Exercise brief: When you reach the line that contains "Stella Updated Traditional" in the data below, start reproducing lines exactly, and stop after the line that contains "Frosted Glass Espresso".

Records to use:
········

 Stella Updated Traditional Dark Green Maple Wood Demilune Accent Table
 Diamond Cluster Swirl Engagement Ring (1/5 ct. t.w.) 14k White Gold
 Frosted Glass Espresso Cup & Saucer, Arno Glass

········

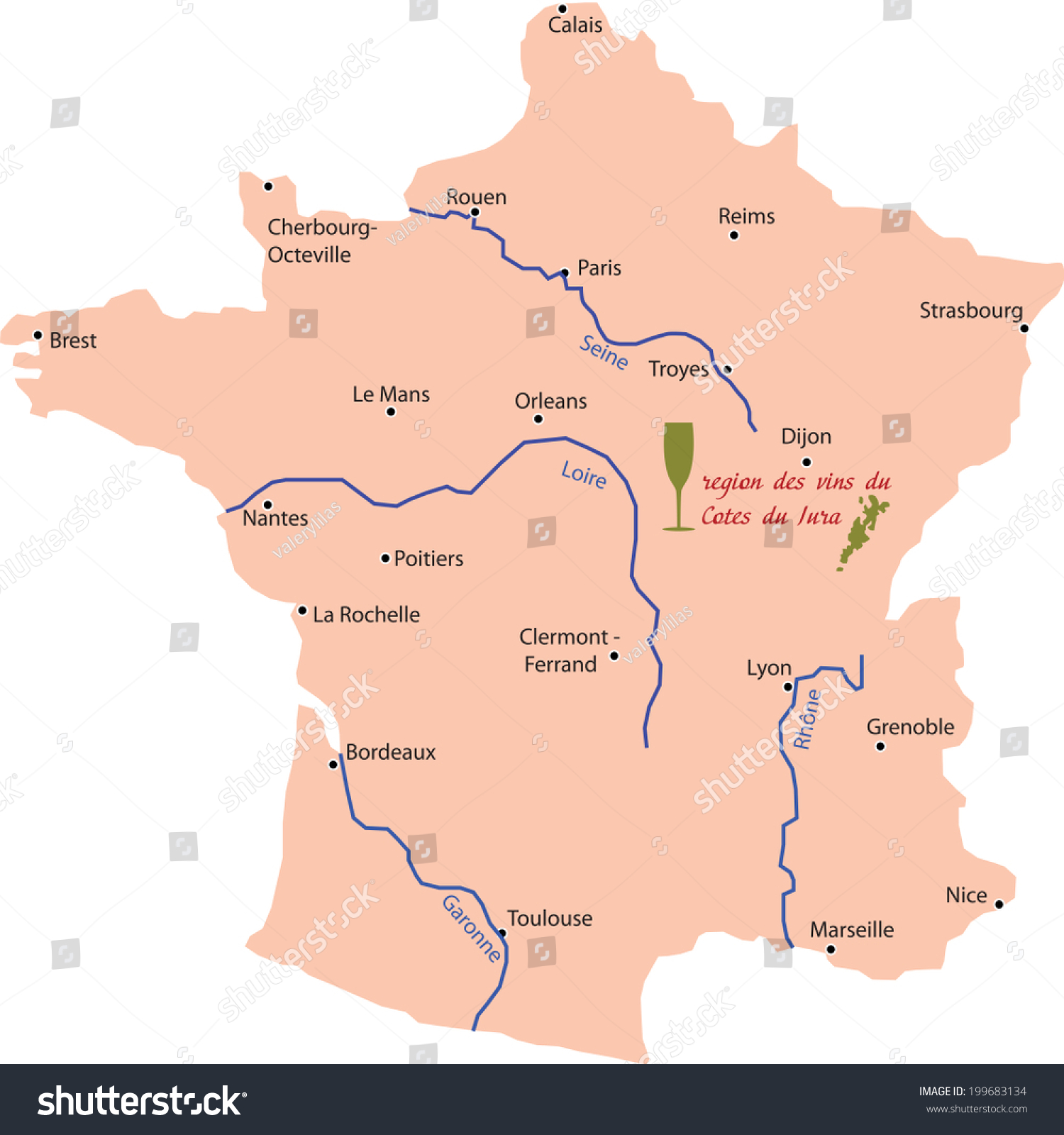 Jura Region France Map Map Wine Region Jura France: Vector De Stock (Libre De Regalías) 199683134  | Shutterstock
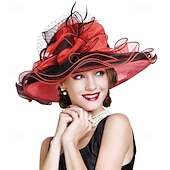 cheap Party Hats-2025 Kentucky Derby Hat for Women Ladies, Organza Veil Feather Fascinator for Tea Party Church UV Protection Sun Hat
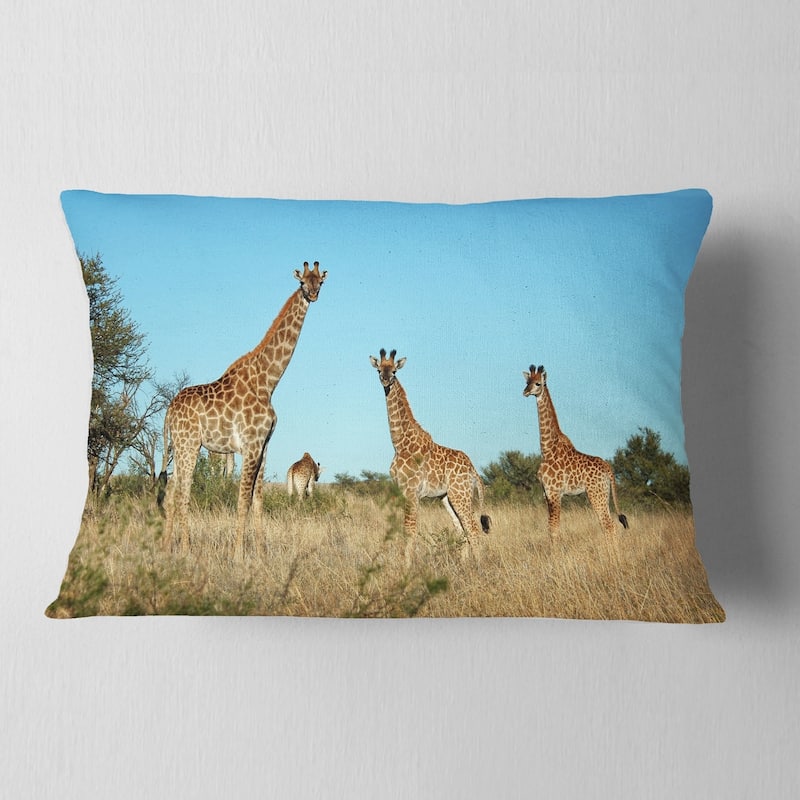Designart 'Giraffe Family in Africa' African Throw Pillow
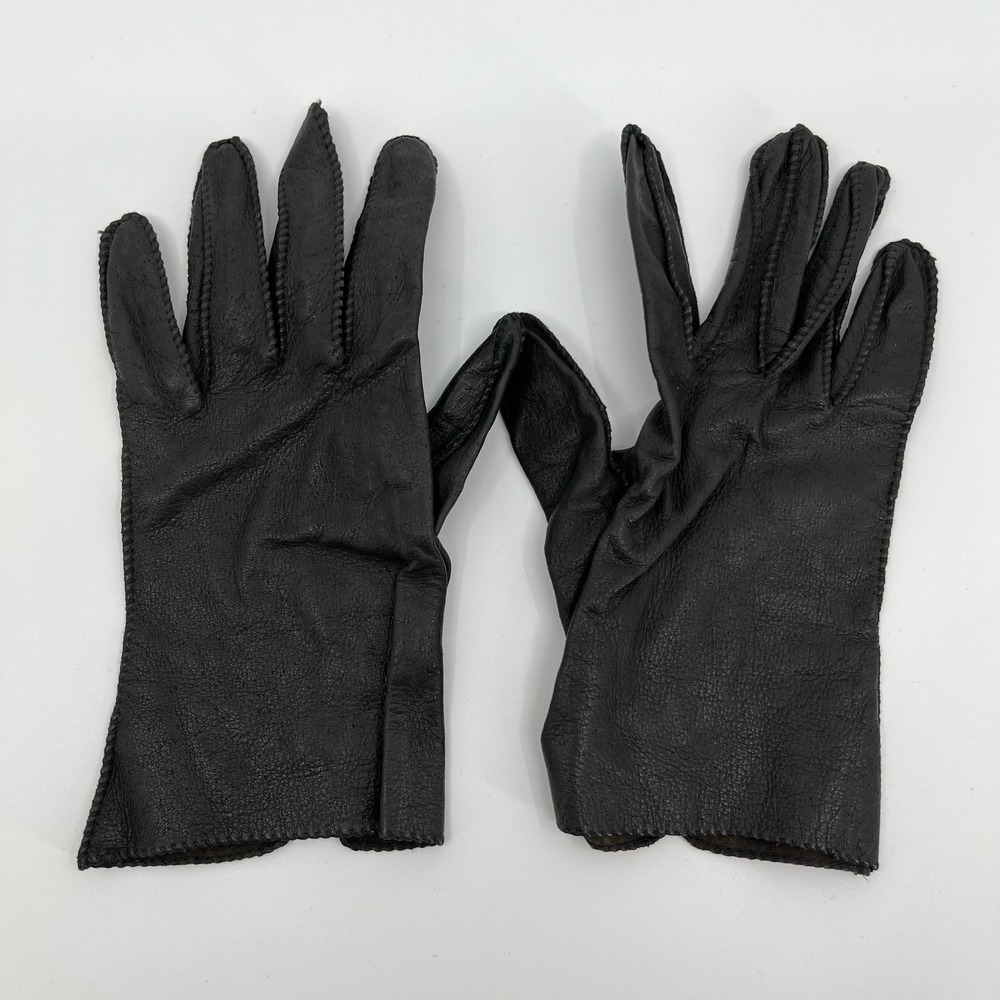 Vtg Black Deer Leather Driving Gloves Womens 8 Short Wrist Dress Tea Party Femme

········

Answer:
 Stella Updated Traditional Dark Green Maple Wood Demilune Accent Table
 Diamond Cluster Swirl Engagement Ring (1/5 ct. t.w.) 14k White Gold
 Frosted Glass Espresso Cup & Saucer, Arno Glass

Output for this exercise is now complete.